What the task requires: Reproduce, word for word, the lines in the material below starting with the one that has "Cheers to Another" and going on through the one that has "Green Izod Windowpane Crewneck Sweater". Leave out all pictures.

Material supplied:
((

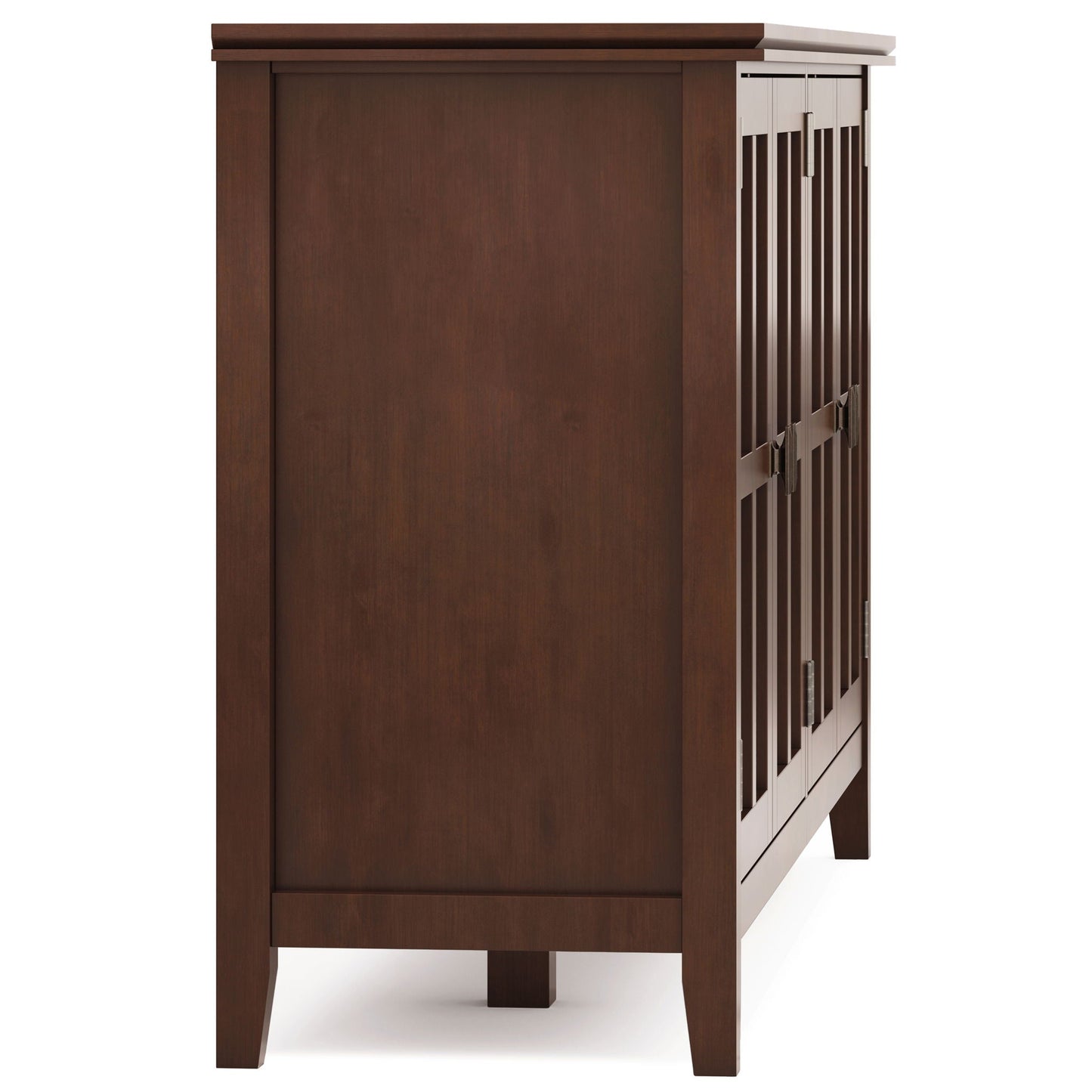 Artisan Handcrafted Wide 4-Door Storage Cabinet in dark wood with slatted doors by HouseOfZazla on Tampa Home & Garden Store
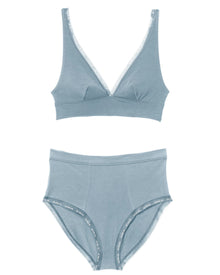 Adore Me Maddey Panty in color Ashley Blue and shape high waisted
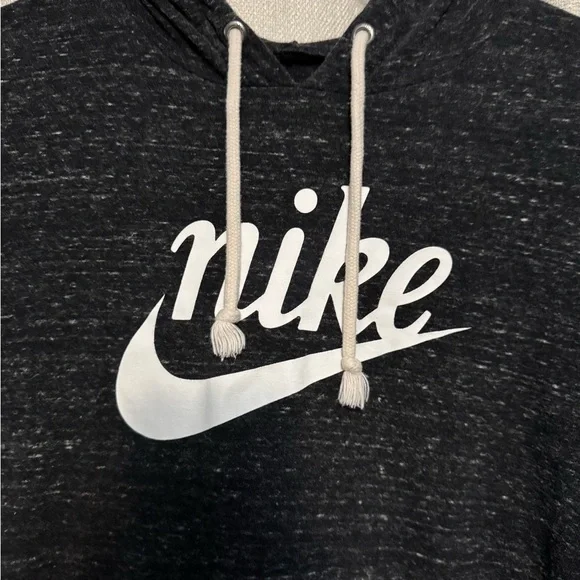 Nike Women's Charcoal Hoodie with White Logo - Picture 2 of 3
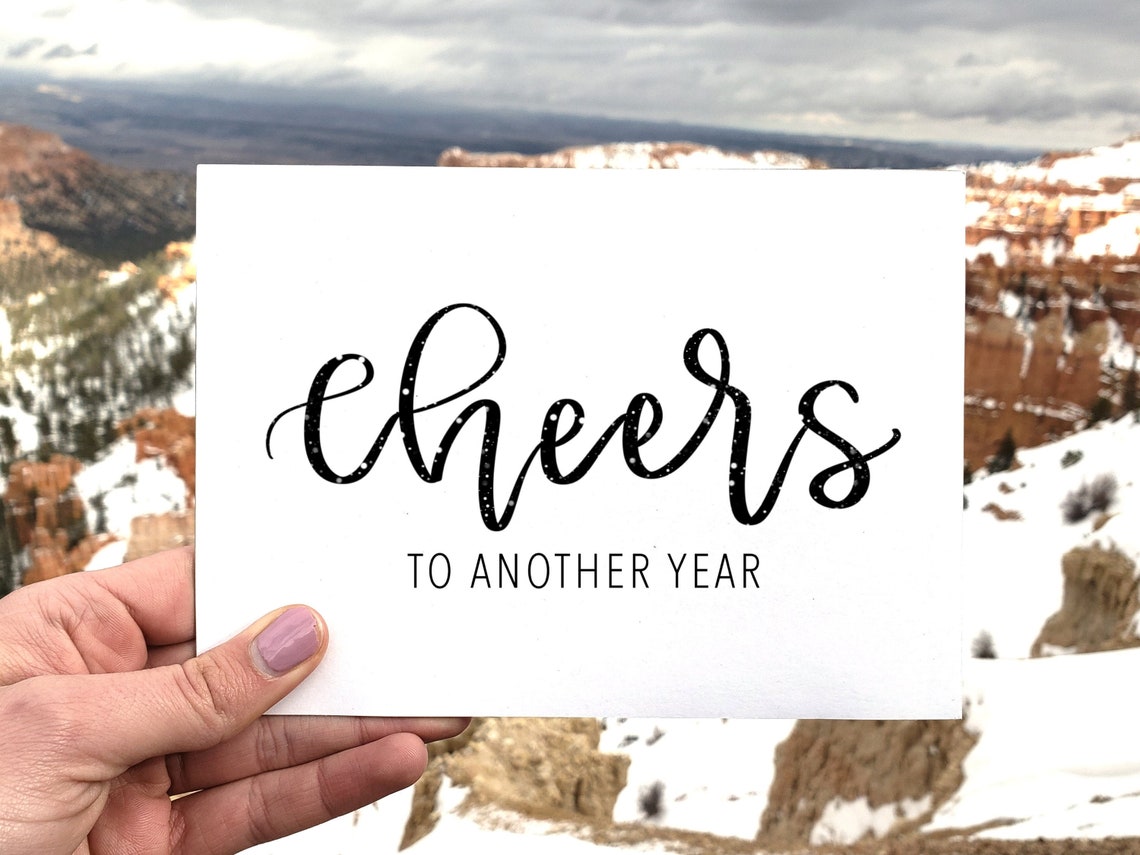 Cheers to Another Year Card New Years Card Printable Etsy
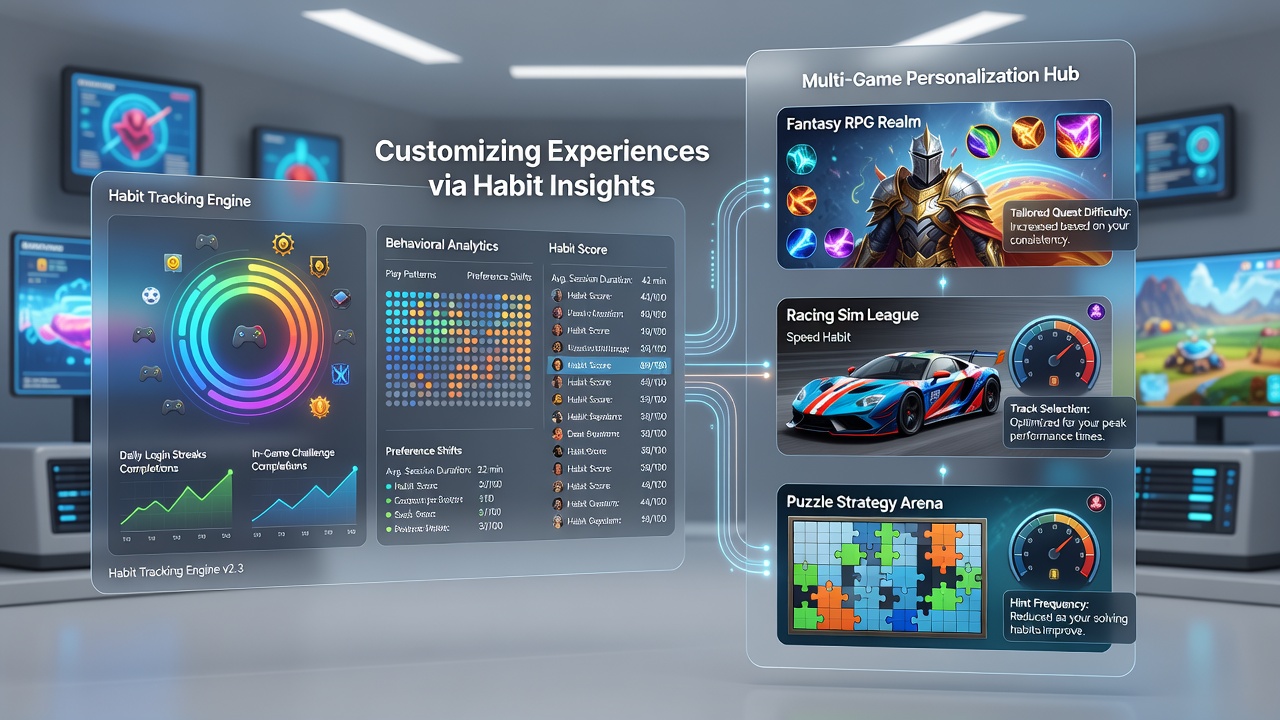 Illustration of personalized game interfaces adapting layouts and recommendations based on aggregated user habit profiles across connected platforms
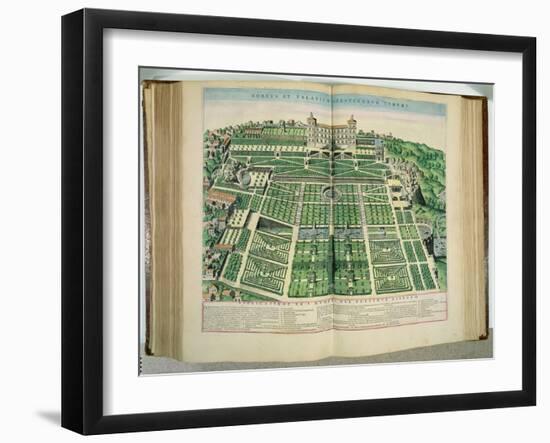 The Villa D'Este Palace and Gardens, Tivoli, from "Theatrum Civitatum", 1663-Joan Blaeu-Framed Giclee Print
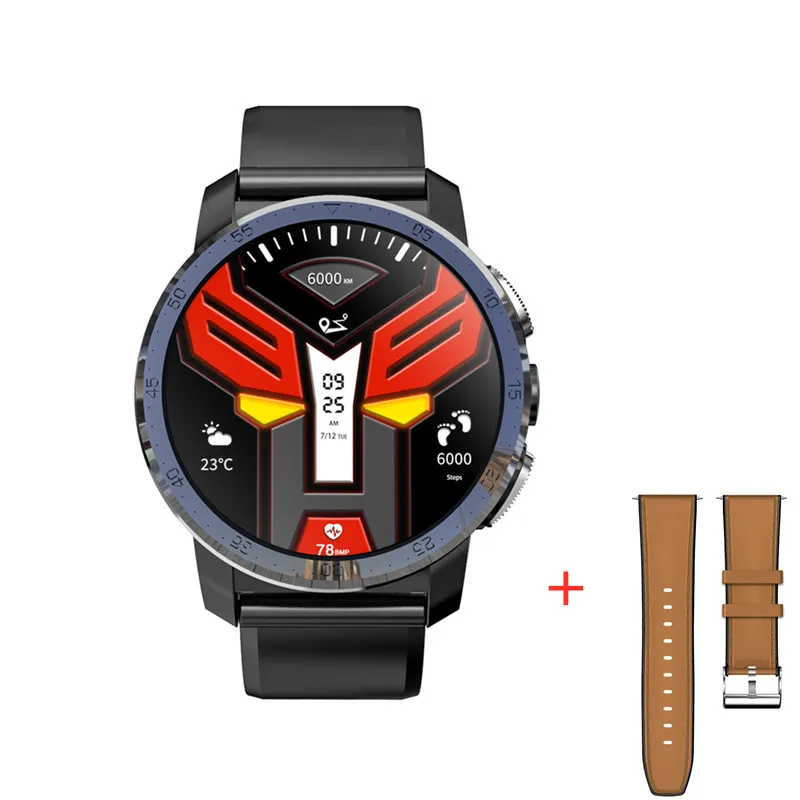 add brown leather Kospet Optimus pro, две системы, Смарт-часы, Android телефон, камера 8 Мп, gps карты, Google play store, водонепроницаемые Смарт-часы для мужчин - Цвет: add brown leather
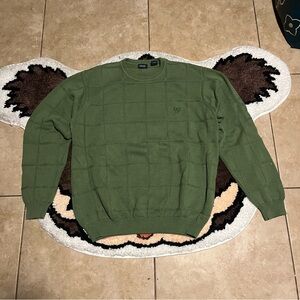 Green Izod Windowpane Crewneck Sweater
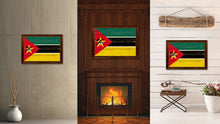 Load image into Gallery viewer, Mozambiqu Country Flag Vintage Canvas Print with Brown Picture Frame Home Decor Gifts Wall Art Decoration Artwork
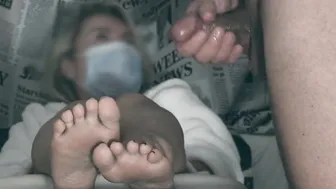 The impotent tried to jerk off limp cock on his gfs foot but could not CFNM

))

Exercise response:
 Cheers to Another Year Card New Years Card Printable Etsy
 Illustration of personalized game interfaces adapting layouts and recommendations based on aggregated user habit profiles across connected platforms
 The Villa D'Este Palace and Gardens, Tivoli, from "Theatrum Civitatum", 1663-Joan Blaeu-Framed Giclee Print
 add brown leather Kospet Optimus pro, две системы, Смарт-часы, Android телефон, камера 8 Мп, gps карты, Google play store, водонепроницаемые Смарт-часы для мужчин - Цвет: add brown leather
 Green Izod Windowpane Crewneck Sweater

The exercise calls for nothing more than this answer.